[Captioned web image data]
***

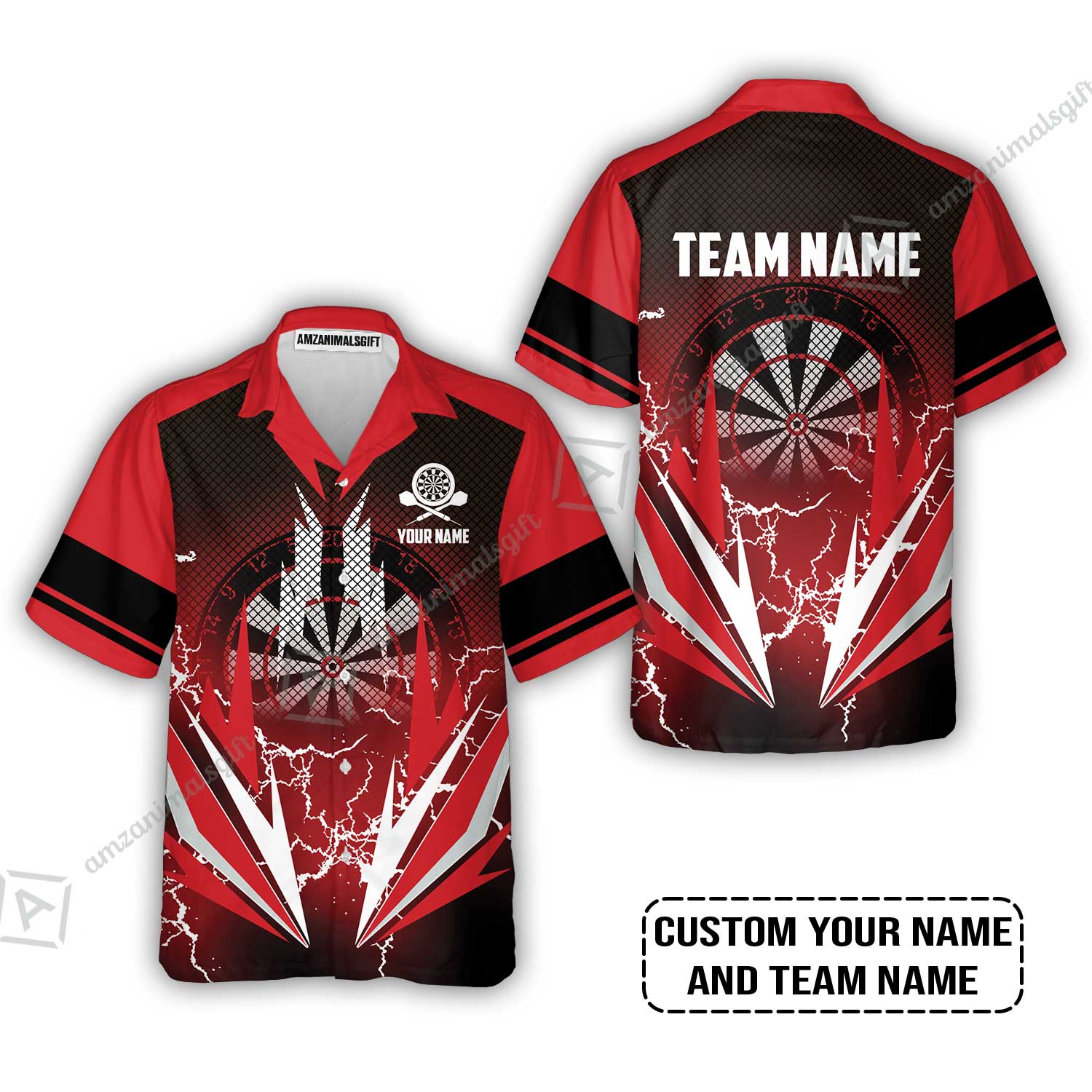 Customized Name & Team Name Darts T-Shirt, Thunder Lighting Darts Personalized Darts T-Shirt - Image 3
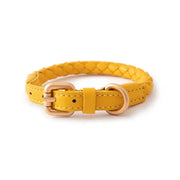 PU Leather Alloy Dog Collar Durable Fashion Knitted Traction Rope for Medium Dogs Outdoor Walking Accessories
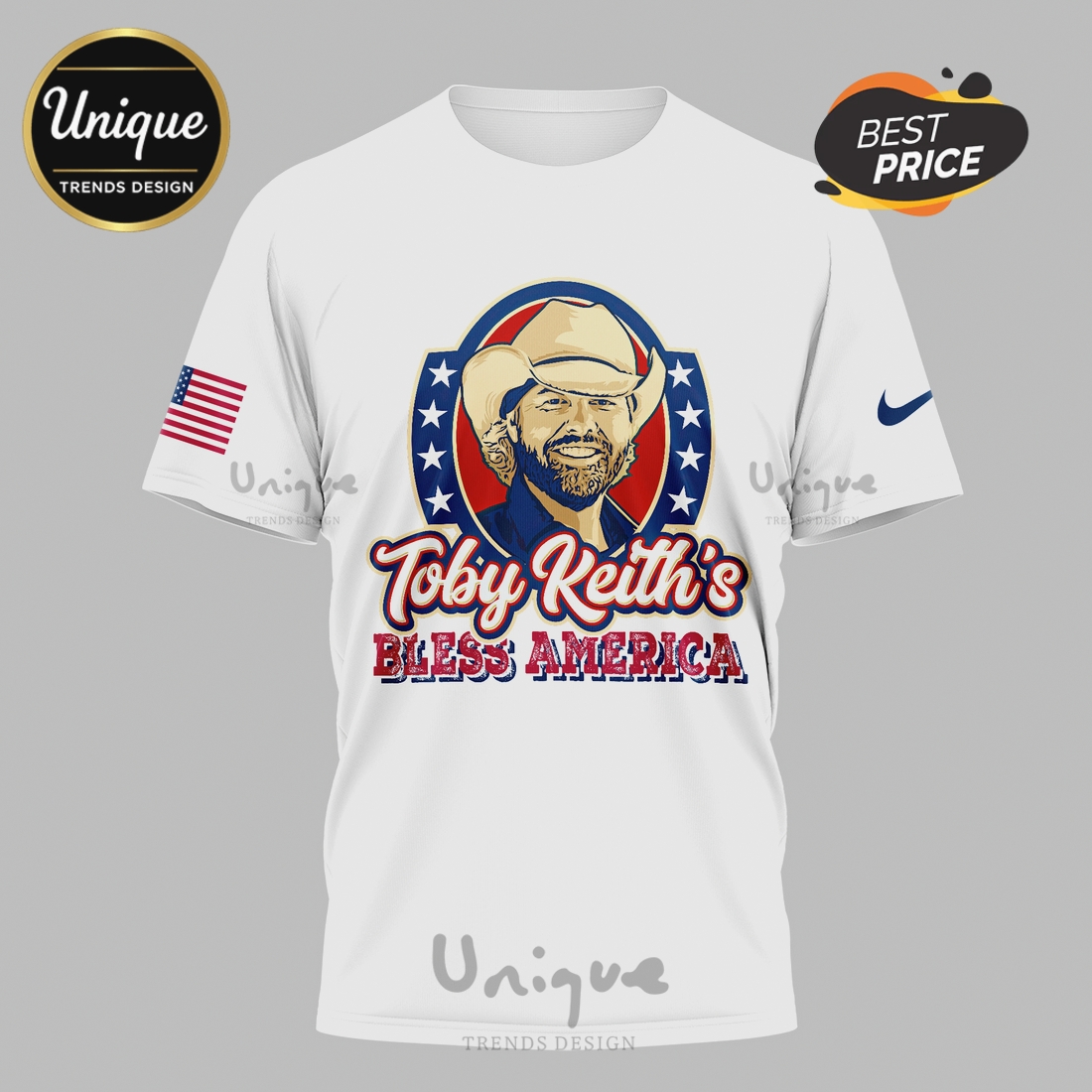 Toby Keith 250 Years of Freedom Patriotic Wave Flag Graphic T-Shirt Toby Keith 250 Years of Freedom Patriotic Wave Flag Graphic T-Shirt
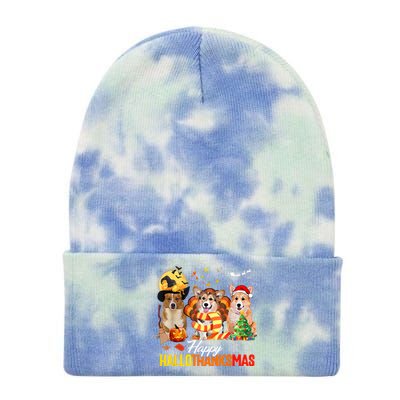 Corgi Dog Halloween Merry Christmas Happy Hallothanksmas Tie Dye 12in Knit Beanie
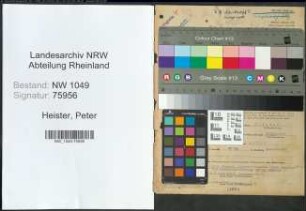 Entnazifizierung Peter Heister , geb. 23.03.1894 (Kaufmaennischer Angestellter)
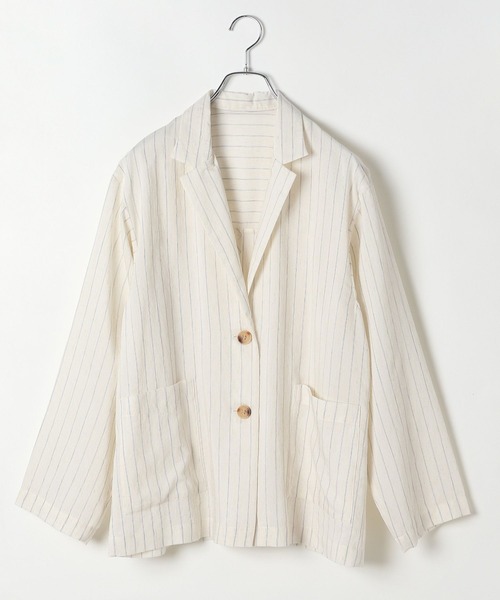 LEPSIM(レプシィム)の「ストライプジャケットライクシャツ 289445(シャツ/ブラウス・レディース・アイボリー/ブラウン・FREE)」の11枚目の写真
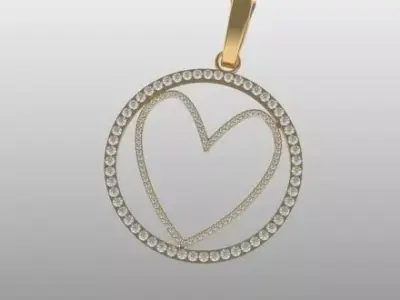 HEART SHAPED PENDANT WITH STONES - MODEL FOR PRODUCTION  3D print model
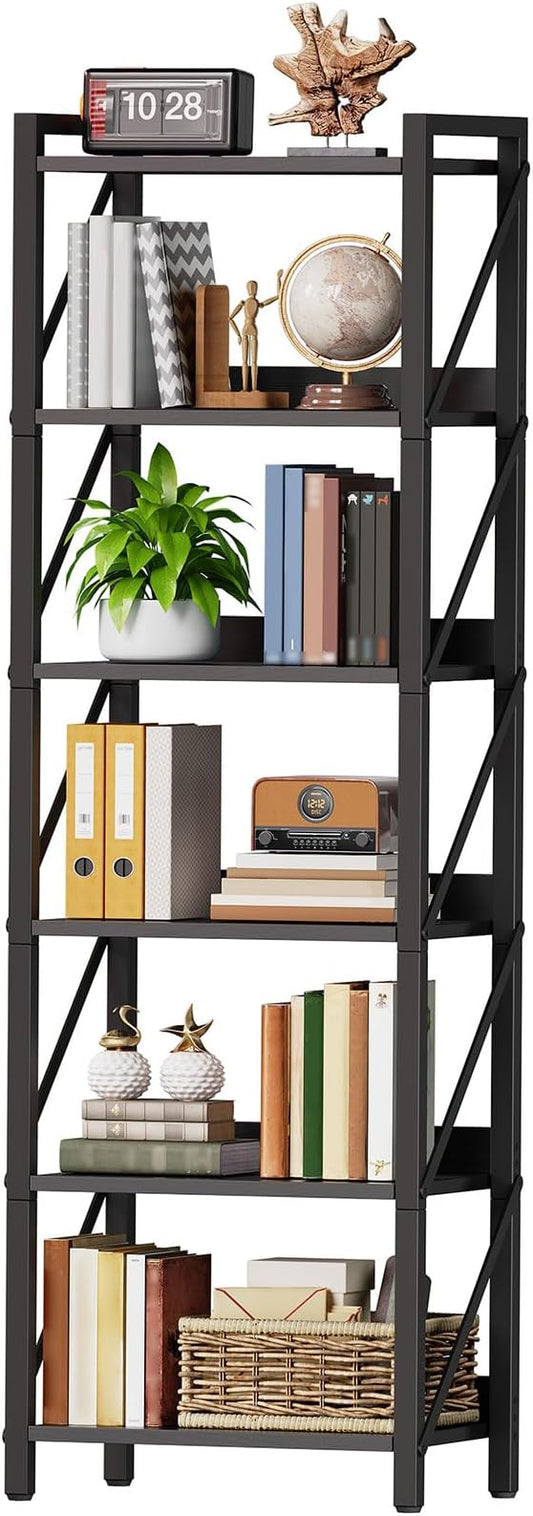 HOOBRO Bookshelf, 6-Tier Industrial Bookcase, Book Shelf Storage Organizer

***

Work task:
Leaving out the pictures, print exactly and only the lines from the one containing "LEPSIM(レプシィム)の" through the last line of the records.

Answer below:
 LEPSIM(レプシィム)の「ストライプジャケットライクシャツ 289445(シャツ/ブラウス・レディース・アイボリー/ブラウン・FREE)」の11枚目の写真
 HEART SHAPED PENDANT WITH STONES - MODEL FOR PRODUCTION  3D print model
 HOOBRO Bookshelf, 6-Tier Industrial Bookcase, Book Shelf Storage Organizer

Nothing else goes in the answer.